> _EXTRACTED ENTRIES_
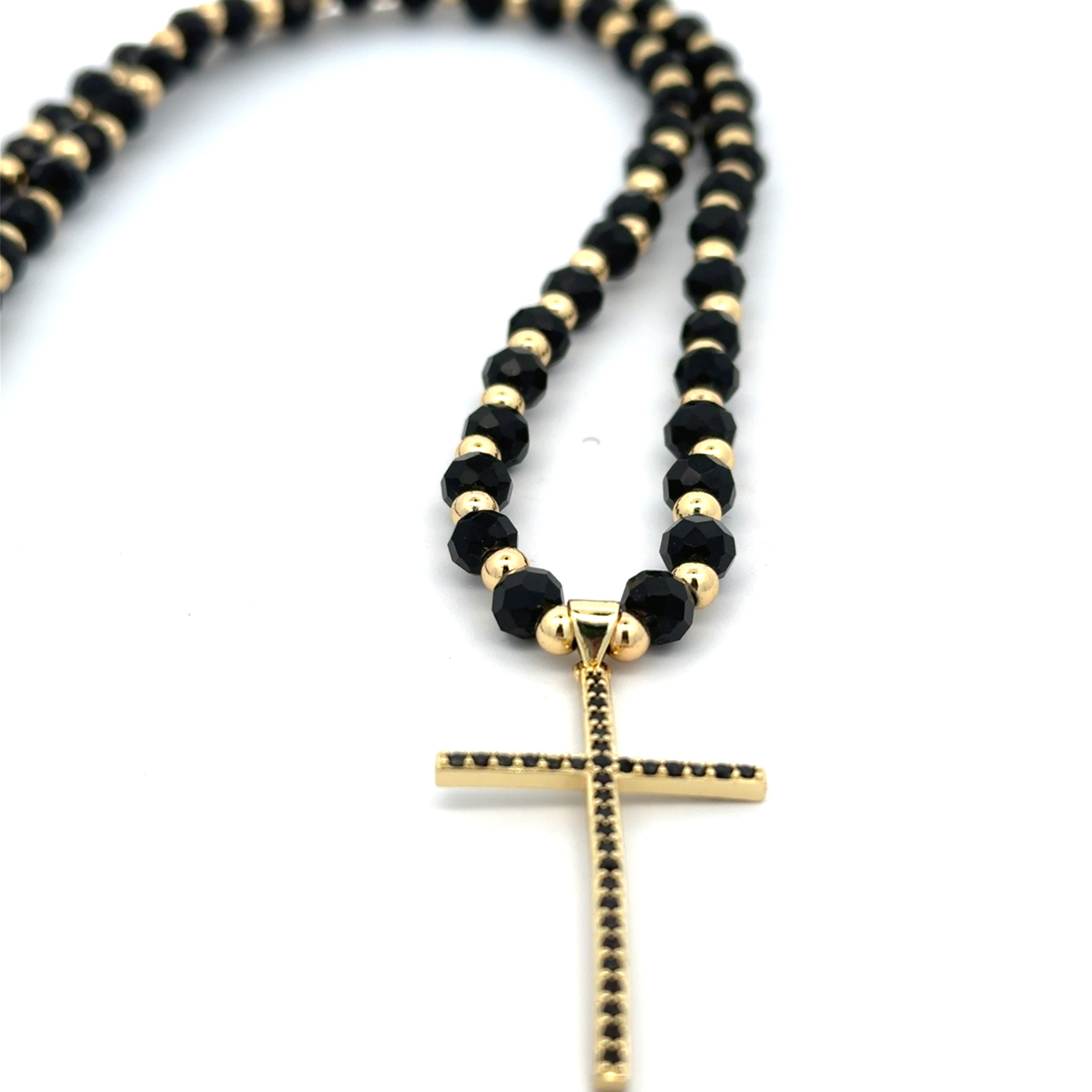 Lant barbati cu Cruce Icon , placat cu aur 18 k + cristal sintetic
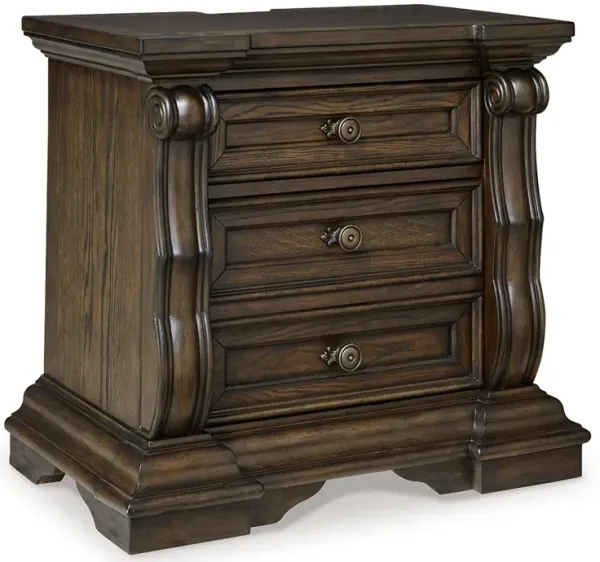 Maylee - Dark Brown - Three Drawer Night Stand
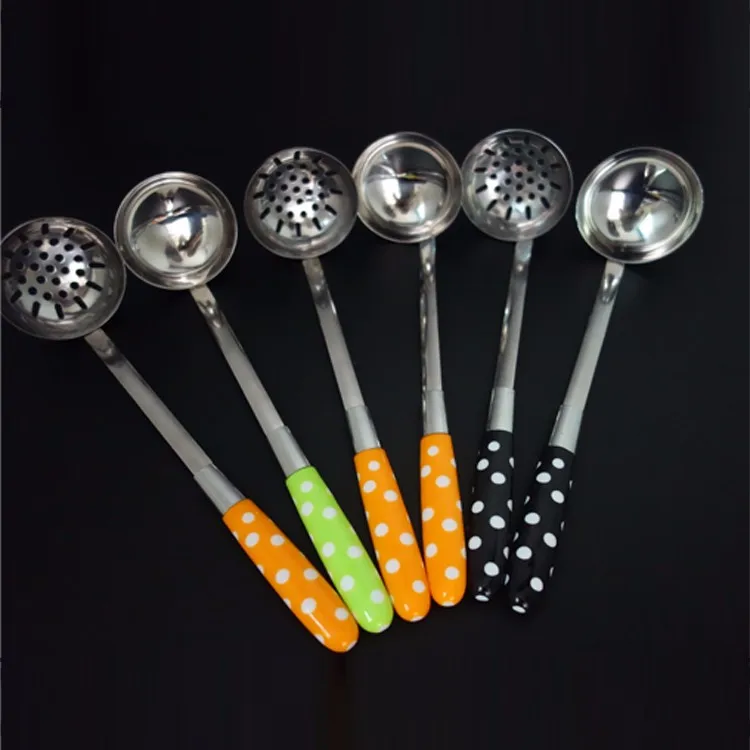 handle design stainless steel soup ladle draining ladle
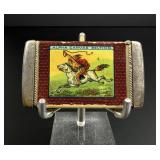 Alpha Canvas Belting Celluloid Vesta Match Case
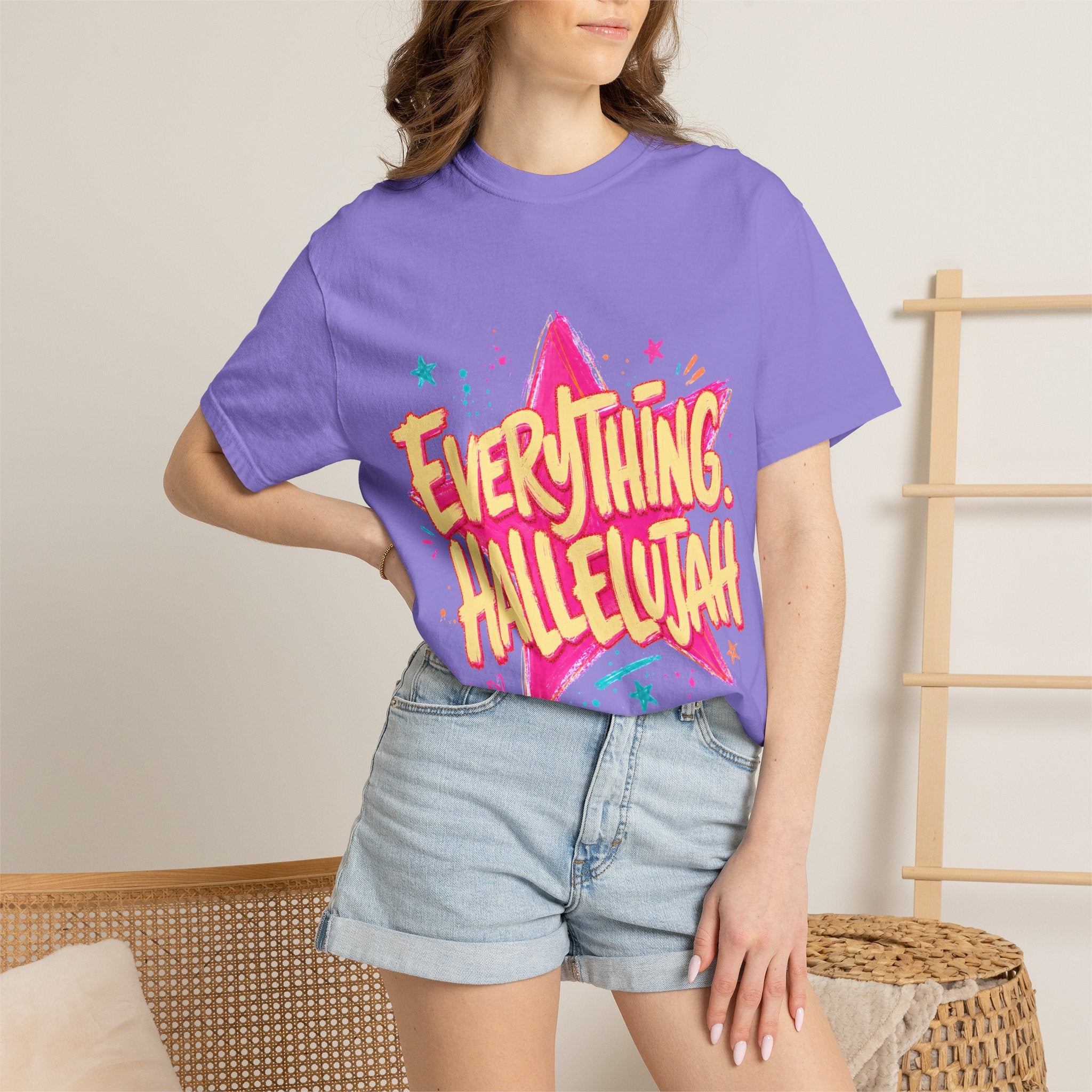 Everything Hallelujah T-Shirt — Retro Star Graphic Christian Tee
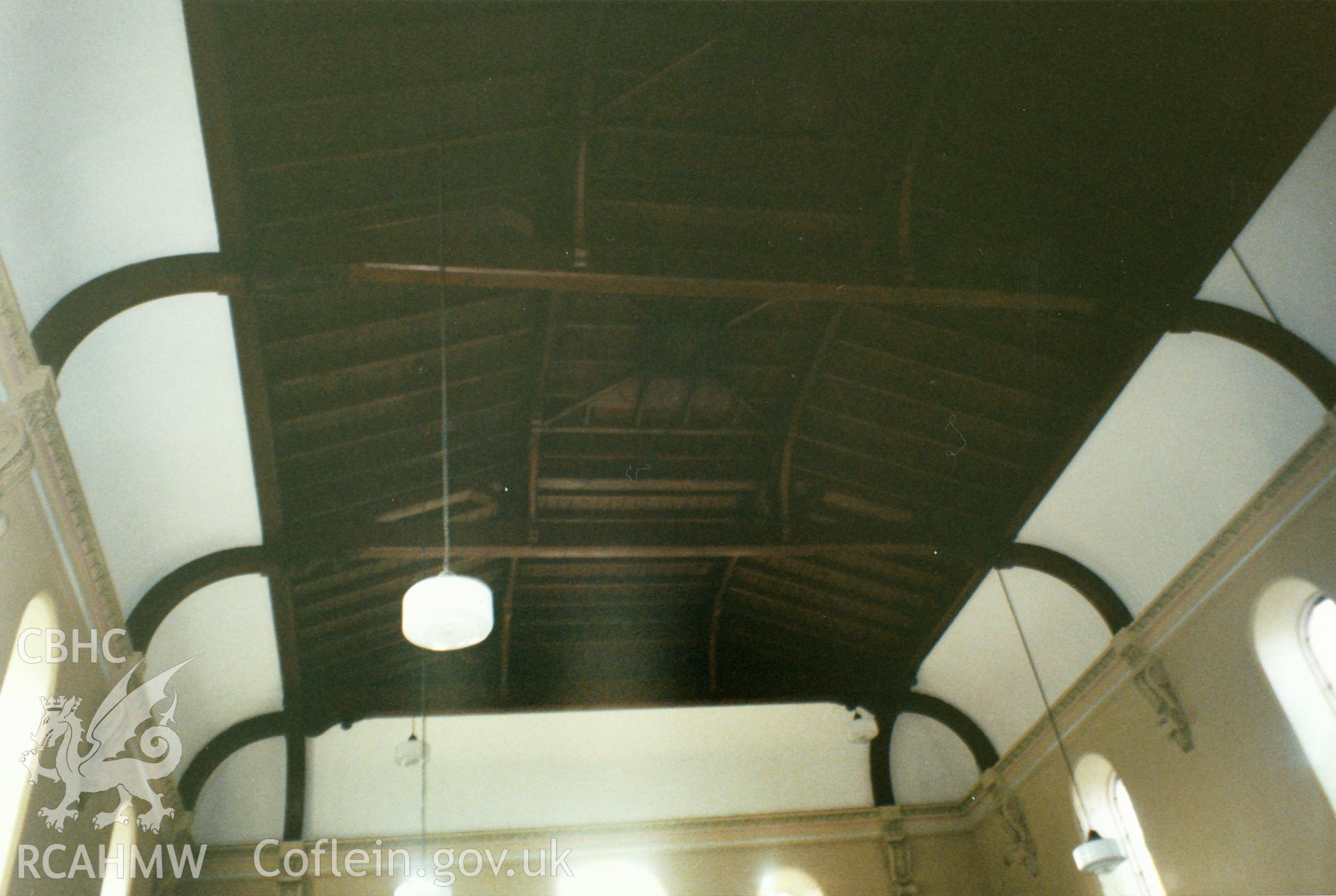 Digital copy of a colour photograph showing an interior view of English Baptist Church, Lammas Street, Carmarthen, taken by Robert Scourfield, 1996.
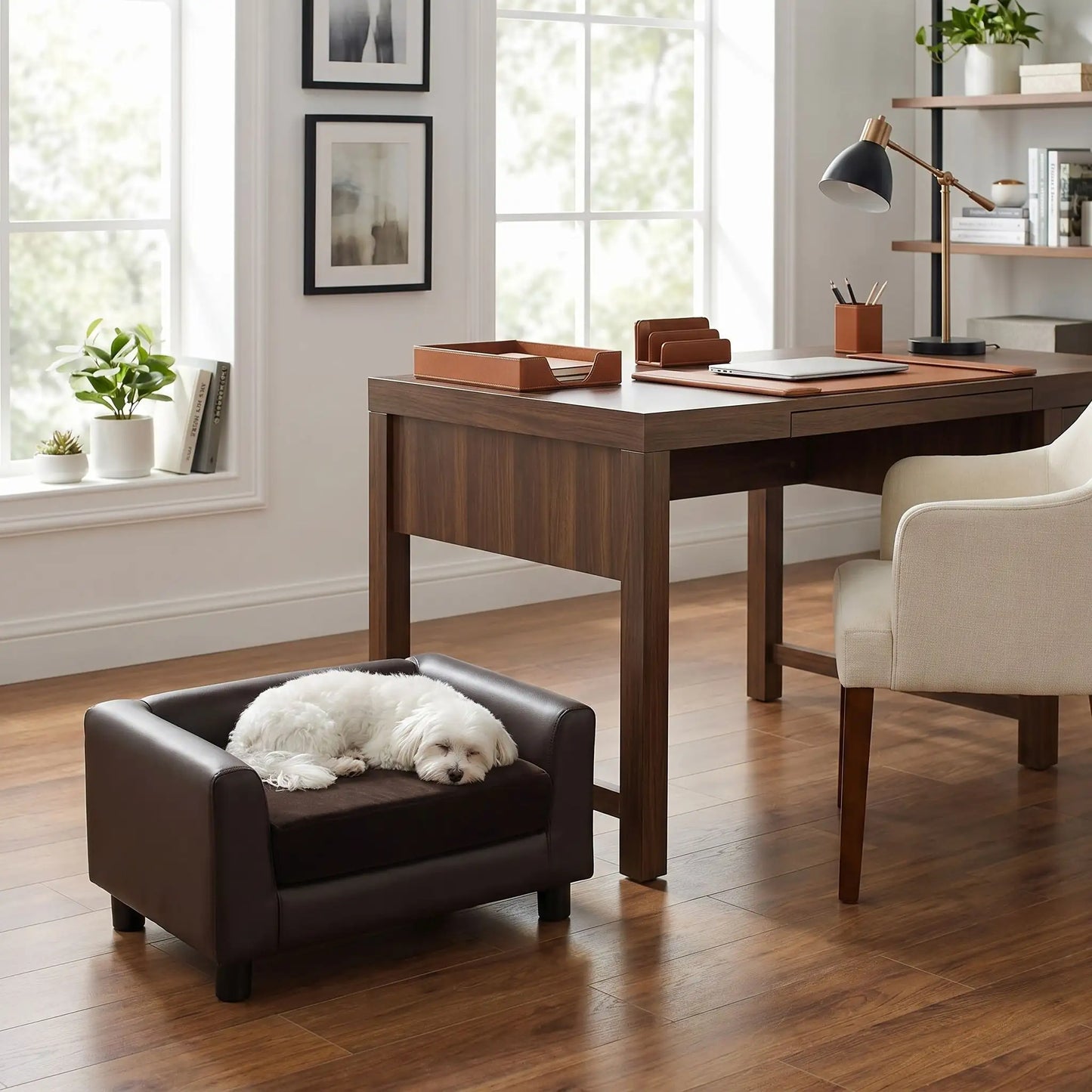 Petit-fauteuil-pour-chien-chiot-design en bois massif robuste  et cuir vegan sur 4 pieds avec coussin interieur épais rembourré 100% coton haute densité et ergonomique amovible déhoussable et lavable en machine, pied antidérapant et anti rayure pour chiot et chien de petite taille de 0 à 5 kilos-un Bichon maltais qui dort couché confortablement dans le mini canapé design de couleur marron dans le bureau en bois lifestyle de la maison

> _WORK INSTRUCTION_
Where an image appears in the data, skip it, and return the rest verbatim.

> _ANSWER FOR THE TASK_
 Lant barbati cu Cruce Icon , placat cu aur 18 k + cristal sintetic
 Maylee - Dark Brown - Three Drawer Night Stand
 handle design stainless steel soup ladle draining ladle
 Alpha Canvas Belting Celluloid Vesta Match Case
 Everything Hallelujah T-Shirt — Retro Star Graphic Christian Tee
 Digital copy of a colour photograph showing an interior view of English Baptist Church, Lammas Street, Carmarthen, taken by Robert Scourfield, 1996.
 Petit-fauteuil-pour-chien-chiot-design en bois massif robuste  et cuir vegan sur 4 pieds avec coussin interieur épais rembourré 100% coton haute densité et ergonomique amovible déhoussable et lavable en machine, pied antidérapant et anti rayure pour chiot et chien de petite taille de 0 à 5 kilos-un Bichon maltais qui dort couché confortablement dans le mini canapé design de couleur marron dans le bureau en bois lifestyle de la maison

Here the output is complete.